The setup wizard checks for these and helps you install/configure them:
| Tool | Why |
|---|---|
bowtie |
Off-target alignment against the zebrafish genome |
twoBitToFa (UCSC kent utils) |
Extract genomic sequence around target |
primer3 (optional) |
Primer design around the chosen guide |
danRer11.2bit |
UCSC two-bit genome file (~770 MB, auto-downloadable) |
| Bowtie index | Built from the zebrafish FASTA via bowtie-build |
You'll also want the included genetable/danRer11.gene_table (~4.8 MB) which the wizard already points at.
.
├── chopchop.py # Py2: core guide-design engine
├── chopchop_query.py # Py2: batch wrapper, one TSV per gene
├── reformat.py # Py3 OK: Ensembl REST exon-aware post-processor
├── featurization.py # Py2: ML feature builder (Doench 2016)
├── config.json # default tool paths (empty; copy to config_local.json)
├── frontend/ # NEW: Python-3 FastAPI web UI (subprocesses chopchop_query.py)
│ ├── main.py
│ ├── index.html
│ ├── requirements.txt
│ └── run.sh
├── bin/zebrachop-setup # NEW: Python-3 interactive setup wizard
├── genetable/danRer11.gene_table
├── results/ # example output TSVs (rx3, tbx16, tbxta)
├── ZebraCHOP Command Line Batch Analysis Pipeline.pdf
└── LICENSE
The wizard writes this automatically. Manual example:
{
"PATH": {
"BOWTIE": "/usr/local/bin/bowtie",
"TWOBITTOFA": "/usr/local/bin/twoBitToFa",
"PRIMER3": "/usr/local/bin/primer3_core",
"TWOBIT_INDEX_DIR": "/data/zebrachop/indexes",
"BOWTIE_INDEX_DIR": "/data/zebrachop/indexes",
"GENE_TABLE_INDEX_DIR": "./genetable"
},
"THREADS": 4,
"PYTHON2": "/usr/local/bin/python2"
}config_local.json is git-ignored.
Run bash frontend/run.sh and open http://127.0.0.1:8000. Paste one or more gene names, pick the scoring model, click Design guides — the frontend spawns a Python-2 subprocess per batch, streams a job log, and renders each gene's ranked TSV as a sortable table you can download.

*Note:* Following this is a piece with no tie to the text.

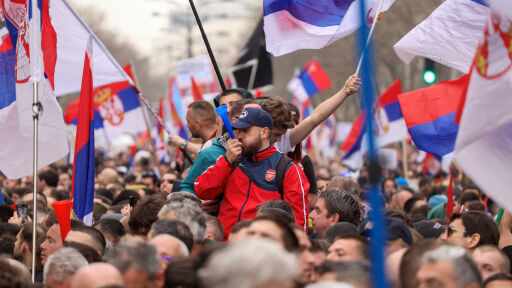Хиляди студенти от цяла Сърбия вървят пеша към Нови Сад (ВИДЕО)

If you use ZebraCHOP, please cite the upstream CHOPCHOP paper (Labun et al., NAR 2019). The poison-exon-aware Ensembl post-processing in reformat.py is an addition specific to this fork.
MIT — see LICENSE. Portions of the code derive from CHOPCHOP (MIT) and from Microsoft's Azimuth (BSD 3-Clause); see NOTICE and in-file headers for attributions.